[INFORMATION SUPPLIED — start]
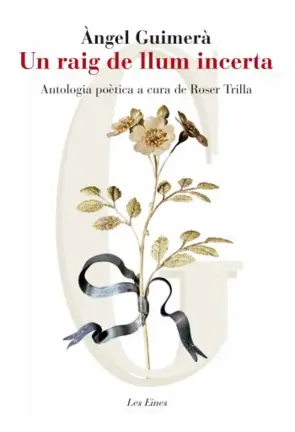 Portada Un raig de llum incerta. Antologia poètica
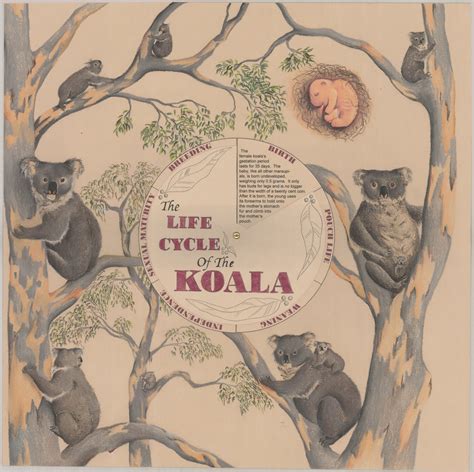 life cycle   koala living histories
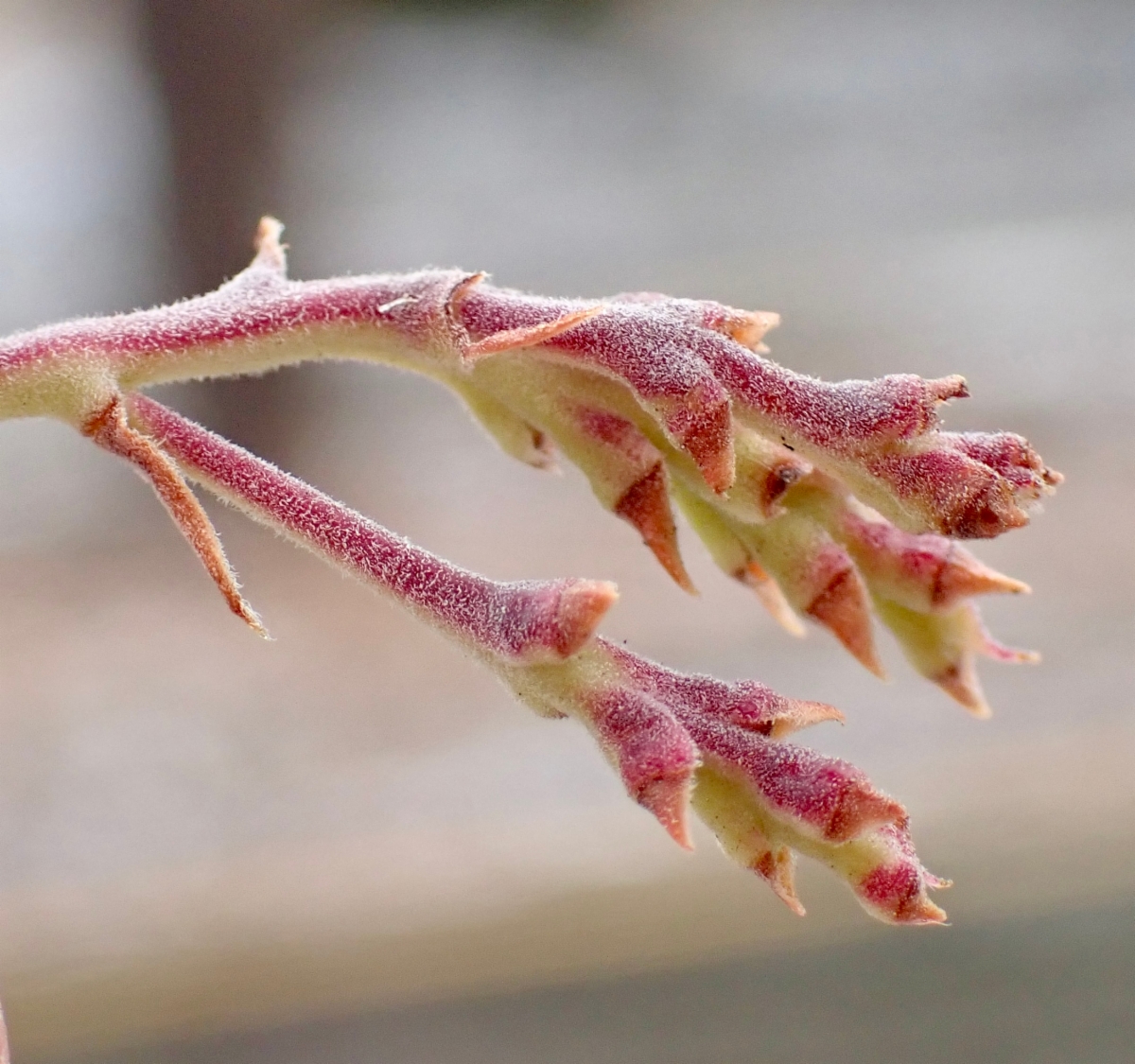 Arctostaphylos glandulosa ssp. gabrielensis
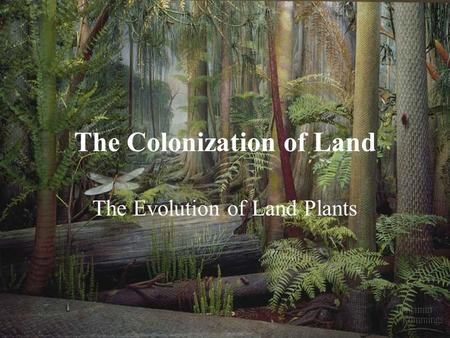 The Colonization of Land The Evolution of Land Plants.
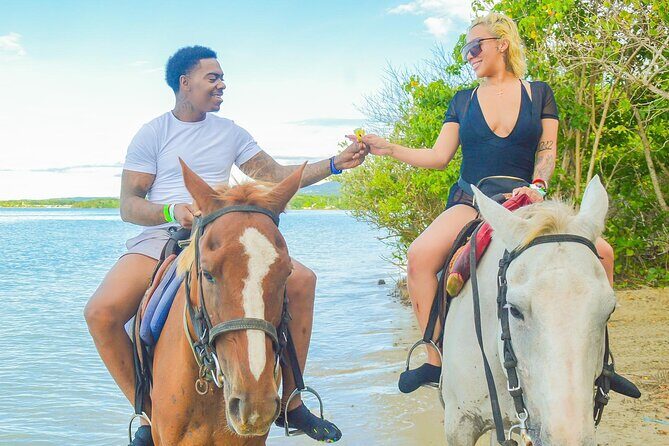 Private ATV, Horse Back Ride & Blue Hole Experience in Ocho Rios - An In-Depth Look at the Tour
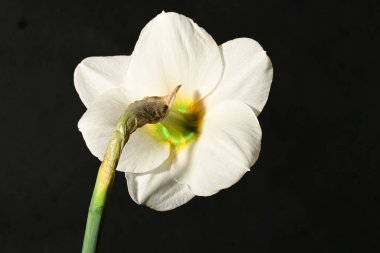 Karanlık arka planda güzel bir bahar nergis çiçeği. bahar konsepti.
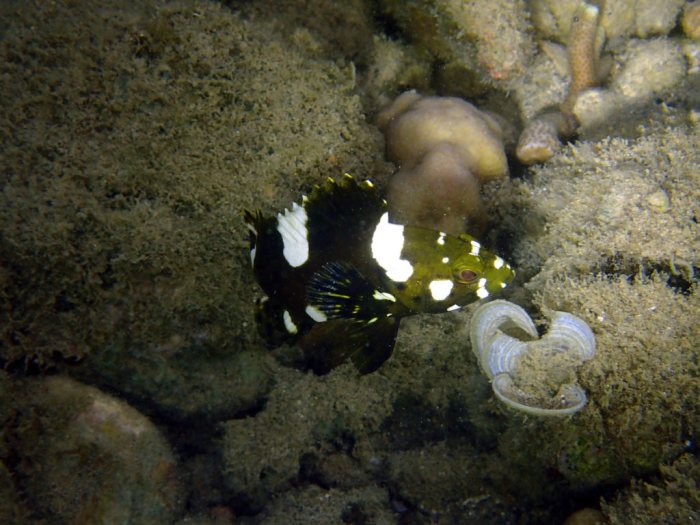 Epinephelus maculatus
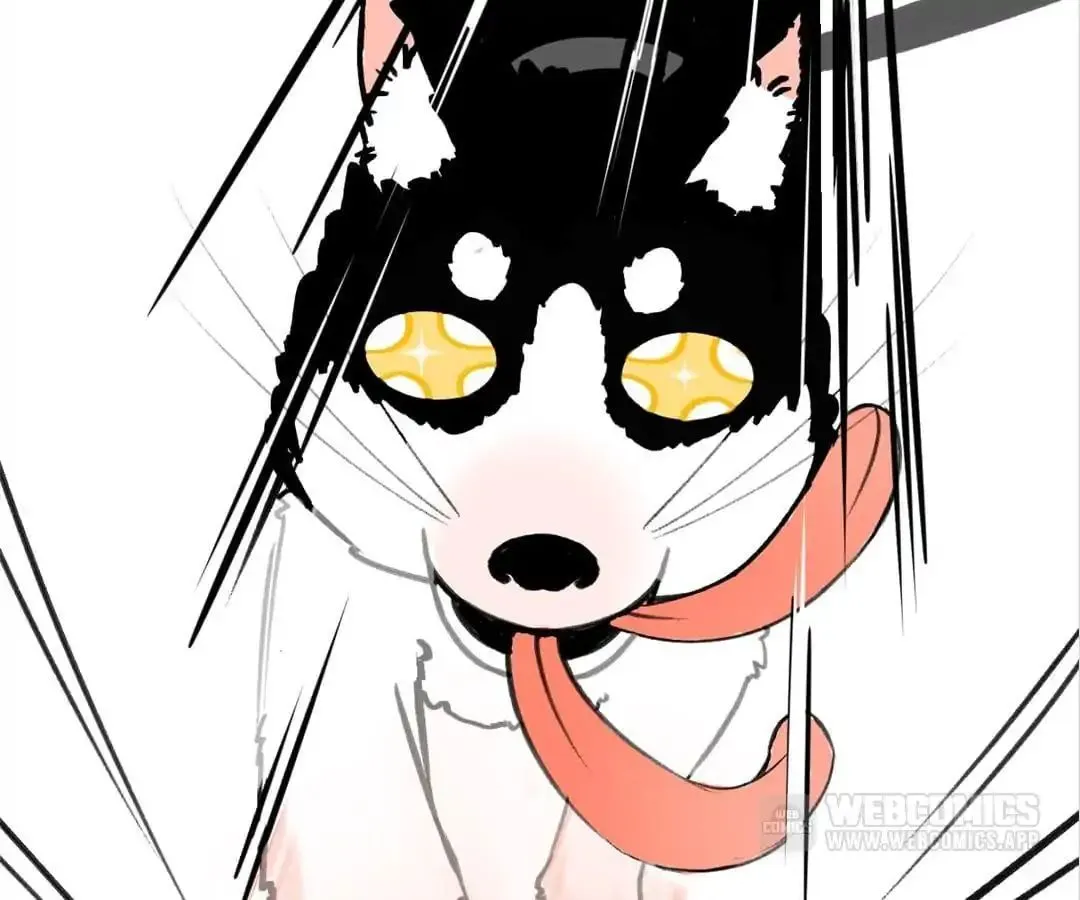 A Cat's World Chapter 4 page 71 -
[INFORMATION SUPPLIED — finish]
### WHAT TO PRODUCE
Leave the pictures out, and retype exactly the lines from the one containing "Private ATV, Horse" through the last line of the entries above, both included.

### YOUR SOLUTION
 Private ATV, Horse Back Ride & Blue Hole Experience in Ocho Rios - An In-Depth Look at the Tour
 Karanlık arka planda güzel bir bahar nergis çiçeği. bahar konsepti.
 Epinephelus maculatus
 A Cat's World Chapter 4 page 71 -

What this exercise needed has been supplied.